> **GIVEN DATA**:
━━━━

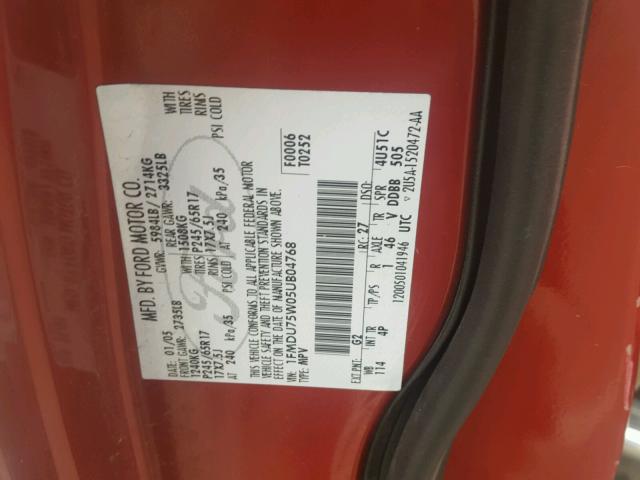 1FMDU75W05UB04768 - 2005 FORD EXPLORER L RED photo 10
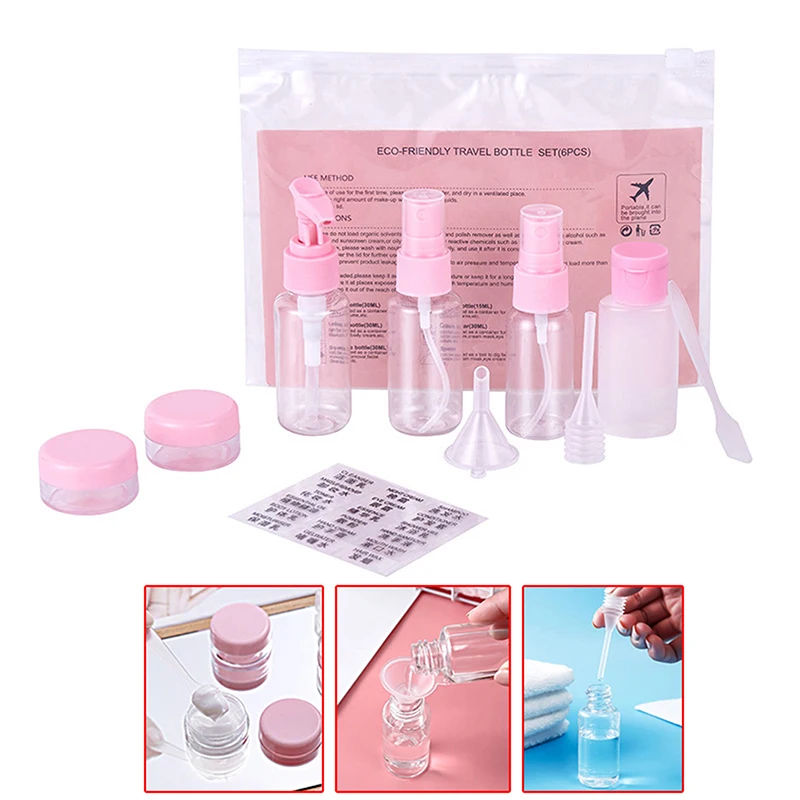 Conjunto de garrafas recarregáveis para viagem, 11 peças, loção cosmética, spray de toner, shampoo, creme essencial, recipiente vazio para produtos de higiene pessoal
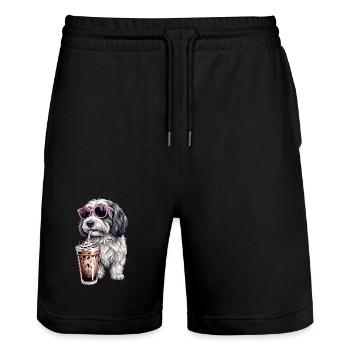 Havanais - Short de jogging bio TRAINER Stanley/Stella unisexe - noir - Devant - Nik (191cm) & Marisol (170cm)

━━━━

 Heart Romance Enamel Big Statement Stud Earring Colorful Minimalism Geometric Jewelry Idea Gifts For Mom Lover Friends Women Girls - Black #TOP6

━━━━

> **WHAT THIS TASK INVOLVES**: For this exercise, please set down exactly the lines of the listing above from the line with "1FMDU75W05UB04768 - 2005" up to and including the line with "Havanais - Short", and no pictures.

> **ANSWER SECTION**:
 1FMDU75W05UB04768 - 2005 FORD EXPLORER L RED photo 10
 Conjunto de garrafas recarregáveis para viagem, 11 peças, loção cosmética, spray de toner, shampoo, creme essencial, recipiente vazio para produtos de higiene pessoal
 Havanais - Short de jogging bio TRAINER Stanley/Stella unisexe - noir - Devant - Nik (191cm) & Marisol (170cm)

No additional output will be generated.